Home > Mobile >  Can I use the ALL operator to test that all values of a "group" exist in another query/set
Can I use the ALL operator to test that all values of a "group" exist in another query/set

Time:03-11

  • I have this database for a CS/database-theory homework question for a hypothetical movie store company:
    • For those who might be unfamiliar with the concept, a movie store is a retail location where patrons can film productions on VHS tape, or this newfangled format called "DVD".
      • Who knows, maybe some time in the distant, far-off, future we might be able to view movies directly over the Internet?
    • The DDL and sample data is below.
  • I need to write a query that will show all movies that are available in all three Chicago stores: (WI01, WI02, and WI03).
    • By looking at the raw data below ourselves, we can see that only these 3 movieId values (D00001, D00006, and D00007) have movie_store rows for every store located in Chicago.
CREATE TABLE movie (
    movieId varchar(6)   NOT NULL PRIMARY KEY, 
    title   nvarchar(50) NOT NULL
);

CREATE TABLE store (
    storeId varchar(4)   NOT NULL PRIMARY KEY, 
    city    nvarchar(20) NOT NULL
);

CREATE TABLE movie_store (
    movieid varchar(6) FOREIGN KEY REFERENCES movie ( movieId ),
    storeid varchar(4) FOREIGN KEY REFERENCES store ( storeId ),

    PRIMARY KEY ( movieId, storeId )
);

GO

INSERT INTO movie ( movieId, title )
VALUES
('D00001', N'True Lies'),
('D00002', N'Predator'),
('D00003', N'Last Action Hero'),
('D00004', N'Red Heat'),
('D00005', N'Conan 1'),
('D00006', N'Conan 2'),
('D00007', N'Red Sonja');

INSERT INTO store ( storeId, city ) VALUES
('WI01', N'Chicago'),
('WI02', N'Chicago'),
('WI03', N'Chicago'),
('IL01', N'Atlanta'),
('IL02', N'Nashville');

INSERT INTO movie_store ( movieId, storeId ) VALUES
-- True Lies:
('D00001', 'WI01'),
('D00001', 'WI02'),
('D00001', 'WI03'),
-- 'Predator:
('D00002', 'IL01'),
('D00002', 'IL02'),
-- Last Action Hero:
('D00003', 'WI01'),
-- Red Heat:
('D00004', 'WI01'),
('D00004', 'WI02'),
('D00004', 'IL02'),
-- Conan 1:
('D00005', 'WI01'),
('D00005', 'WI02'),
-- Conan 2:
('D00006', 'WI01'),
('D00006', 'WI02'),
('D00006', 'WI03'),
-- Red Sonja:
('D00007', 'WI01'),
('D00007', 'WI02'),
('D00007', 'WI03'); 
  • During my problem-solving research I found a site explaining the ALL operator.
    • My query is getting unique storeIds for Chicago.
    • It is then trying to get the movie title with a storeId record for each one of the Chicago locations.
WITH chicagoStores AS (
    SELECT DISTINCT
        storeId
    FROM
        store 
    WHERE
        city = 'Chicago'
)
SELECT DISTINCT
    m.title
FROM
    movie AS m
    INNER JOIN movie_store AS y ON m.movieid = y.movieid
    INNER JOIN store       AS s ON y.storeid = s.storeid
WHERE
    s.storeId = ALL( SELECT storeId FROM chicagoStores ) 

But my query returns zero rows (and no errors), am I misunderstanding the ALL operator?

CodePudding user response:

It appears I had the wrong idea about ALL. I realized I could write my query this way to get the movies that appeared in all Chicago locations.
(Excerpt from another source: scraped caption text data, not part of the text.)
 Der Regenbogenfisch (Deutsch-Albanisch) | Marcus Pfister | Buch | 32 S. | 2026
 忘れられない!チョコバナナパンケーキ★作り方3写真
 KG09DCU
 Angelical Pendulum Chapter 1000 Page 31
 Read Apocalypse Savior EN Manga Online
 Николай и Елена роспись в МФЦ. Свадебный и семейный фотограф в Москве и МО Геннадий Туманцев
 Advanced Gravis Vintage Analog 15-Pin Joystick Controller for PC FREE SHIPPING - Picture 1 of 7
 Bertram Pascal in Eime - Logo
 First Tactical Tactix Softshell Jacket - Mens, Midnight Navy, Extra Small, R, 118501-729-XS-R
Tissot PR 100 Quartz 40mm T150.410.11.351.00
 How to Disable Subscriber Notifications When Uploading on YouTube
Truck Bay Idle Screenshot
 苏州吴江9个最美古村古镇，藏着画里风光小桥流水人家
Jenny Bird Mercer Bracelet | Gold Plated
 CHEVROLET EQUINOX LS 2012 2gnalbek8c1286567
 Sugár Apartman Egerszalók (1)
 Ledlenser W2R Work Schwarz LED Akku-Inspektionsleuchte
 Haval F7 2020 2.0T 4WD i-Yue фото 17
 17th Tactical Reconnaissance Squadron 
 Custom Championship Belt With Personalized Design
Thanks for your help everyone.

with stores as (
    select count(distinct(storeid)) as count_store
    from store 
    where city = 'Chicago'
),
     count_movies as (
    select z.title, count(*) as count
    from movie z
    join movie_store y on (z.movieid = y.movieid)
    join store x on (y.storeid = x.storeid)
    where x.city = 'Chicago'
    group by z.title
    having count(*) = (select count_store from stores)
)
select title from count_movies

CodePudding user response:

This can be done without a window and without mentioning chicago 2 times

select m.title,
       s.city
from   store s
  inner join movie_store ms on s.storeid = ms.storeid
  inner join movie m on ms.movieid = m.movieid
  cross apply (select count(1) numbers from store s2 where s2.city = s.city group by s2.city) c
where  s.city = 'Chicago'
group by m.title, s.city, c.numbers
having  count(s.storeid) = c.numbers

Try it yourself at this DBFiddle

CodePudding user response:

After plugging-away for a bit more, and reading this article on Relational Division, I think I've found a much shorter query compared to my original answer:

SELECT
    m.movieId,
    m.title
FROM
    movie AS m
WHERE
    NOT EXISTS (
        SELECT m.movieId, s.storeId FROM store       AS s WHERE city = 'Chicago'
        EXCEPT
        SELECT r.movieId, r.storeId FROM movie_store AS r WHERE r.movieId = m.movieId
    );

The explanation below is based on this slightly longer-form version which is otherwise identical in its relational-calculus:

WITH chicagoStores AS (
    SELECT storeId FROM store WHERE city = 'Chicago'
)
SELECT
    m.movieId,
    m.title
FROM
    movie AS m
WHERE
    NOT EXISTS (
        -- Generate rows we'd *expect to exist* if a given `m.movieId` is present in every Chicago storeId:
        SELECT
            m.movieId,
            s.storeId
        FROM
            chicagoStores AS s

        -- Then subtract the `movie_store` rows that *actually exist* for this m.movieId:
        EXCEPT

        SELECT
            a.movieId,
            a.storeId
        FROM
            movie_store AS a
        WHERE
            a.movieId = m.movieId
    );
  • Generate the same chicagoStores set.
  • Then, filter movieId values in movie (in WHERE) by...
    • Generate a set of hypothetical movieId, storeId tuples (for that specific movieId value) from chicagoStores...
    • ...and subtract that from the actual rows in movie_store (using EXCEPT)...
      • This is the same thing as whatIfEveryChicagoStoreHadEveryMovie from my original answer, but computed on a a per-row basis, instead of (conceptually) generating the ( movies X stores ) EXCEPT movie_store Cartesian Product subtraction all-at-once.
        • ...with the implication that this might require less maximum total memory on the database-server, but that's entirely dependent on the execution-plan and DB engine.
    • ...and if there are any hypothetical rows remaining (using EXISTS) after the EXCEPT then it means that the movieId is not available in all Chicagoan stores.
    • So if we invert the predicate (NOT EXISTS) then that means we can test to see if a specific movieId value is available in all Chicagoan stores.
      • But be careful as it would also have false-posities when/if the chicagoStores collection was empty (as NOT EXISTS ( x EXCEPT y ) is always true when x is empty, even if y is also empty.
        • As a workaround, change FROM movie to FROM anyChicagoStoreMovieIds (where anyChicagoStoreMovieIds is defined in my other answer).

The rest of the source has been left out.